A decisão surgiu na sequência da posição assumida por todos os conselhos de redacção do Grupo, que consideram “ilegítima” a ordem dada pelo presidente do conselho de administração (PCA), Marco Galinha, para que os artigos de opinião de pessoas expostas politicamente deixem de ser remunerados.
Em causa está, também, o facto de, sem conhecimento das direcções, Marco Galinha ter passado a administrar as redes sociais das publicações do Grupo.
Os jornalistas que fazem parte do CR da rádio manifestaram, neste sentido, "preocupação com o fim do pagamento a personalidades políticas que colaboram com a TSF na área do comentário”. A directora de comunicação do Grupo Bel, Helena Ferro Gouveia, afirmou, por outro lado, que “não houve, de forma alguma, uma tentativa de condicionamento editorial”. “[As pessoas expostas politicamente] têm liberdade de escrever, se forem convidadas pelos directores, não podem é ser pagas por isso”, salientou. “Isto é uma prática internacional. Os políticos escrevem opinião, mas não recebem por isso”, diz ainda, lembrando que “os recursos são limitados” e que “ há prioridades de gestão”, como contratar jornalistas.
Junho 21
Ferro Gouveia confirmou, ainda, que Marco Galinha surge, agora, como administrador das redes sociais do vários títulos. “Foi pedido pelo presidente do conselho de administração o acesso a informação estatística e foi-lhe dito que não era possível e surgiu esta solução”, afirmou, refutando, uma vez mais, qualquer intenção de intervenção editorial. “Isto é uma acto de gestão.
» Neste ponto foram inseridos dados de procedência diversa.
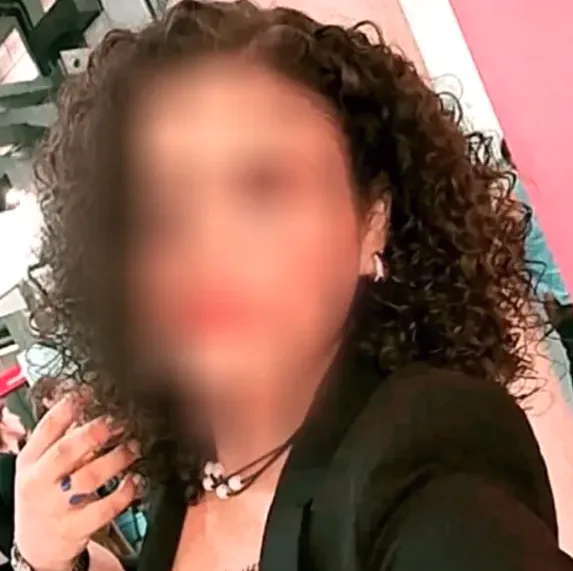 Nia, 35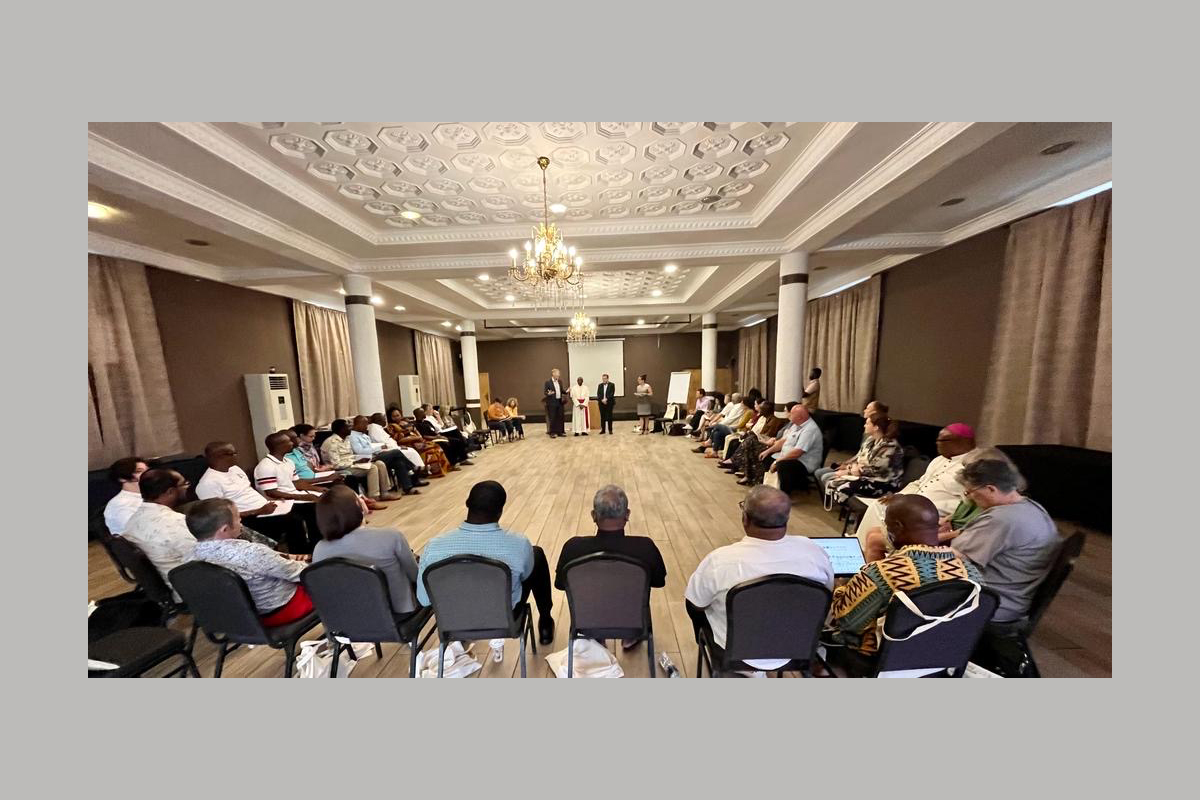 Eröffnung des Workshops. Eine Woche lang werden die Teilnehmenden sich zu Erfahrungen des Umgangs mit gewaltbelasteter Vergangenheit in Liberia austauschen und mit verschiedenen Akteur*innen zusammentreffen.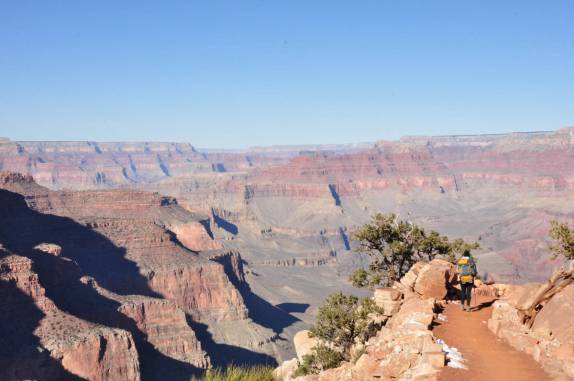 Descendo a trilha do Grand Canyon em meio a uma paisagem impressionate! (no Arizona, nos Estados Unidos)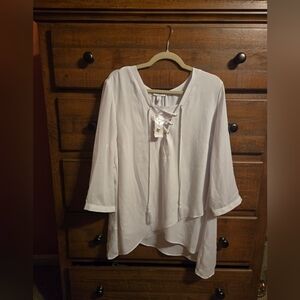 Roz & Ali Women's White Lace-Up V-Neck Blouse Size 1X.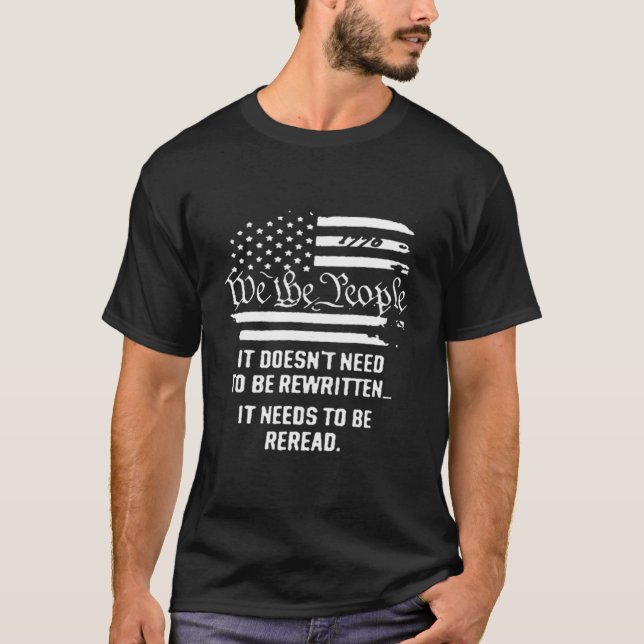 Camiseta American Flag It Needs To Be Reread We The People  (Frente)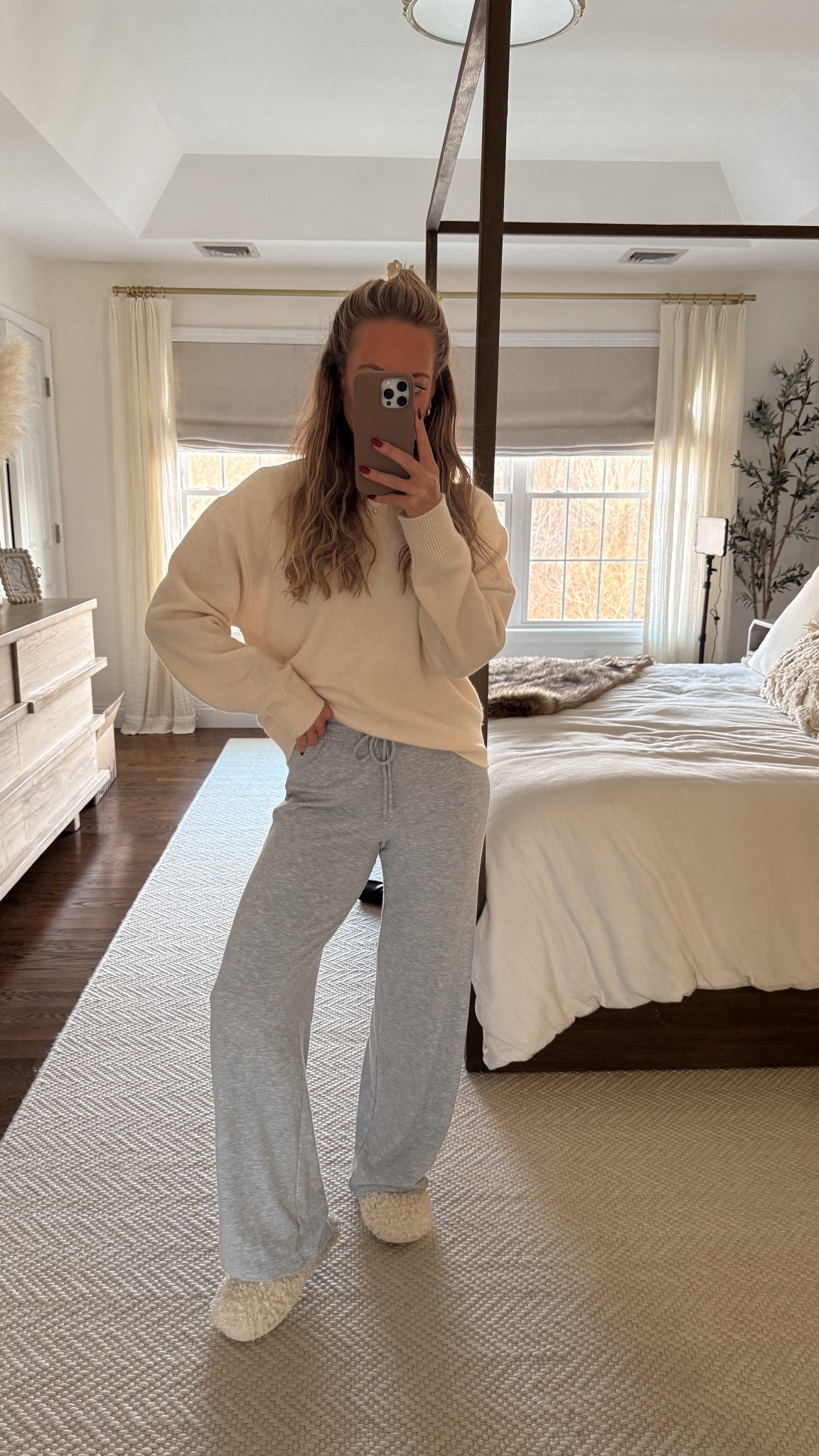 cozy outfit! aritzia recharge pants in small, cashmere sweater in small & cozy slippers

#LTKootd #LTKSeasonal #LTKgrwm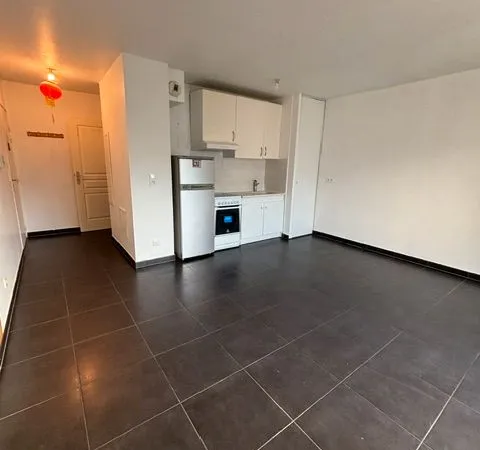 Location d'un studio 30m2_immeuble standing_ Centre-ville Aulnay sous-bois_ loyer 785 cc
Aquilo que não é mensurável não é gerível.”
Os comunicados agora emitidos pelos jornais diários revelam outros problemas. No DN, por exemplo, fala-se numa “gritante escassez de recursos no corpo redactorial, sem paralelo em qualquer outro título do grupo ou da concorrência”.
O CR do DN também “manifesta a sua estupefacção” com uma nova “prática de contagem de presenças no espaço físico das redacções, alegadamente a pedido da administração”.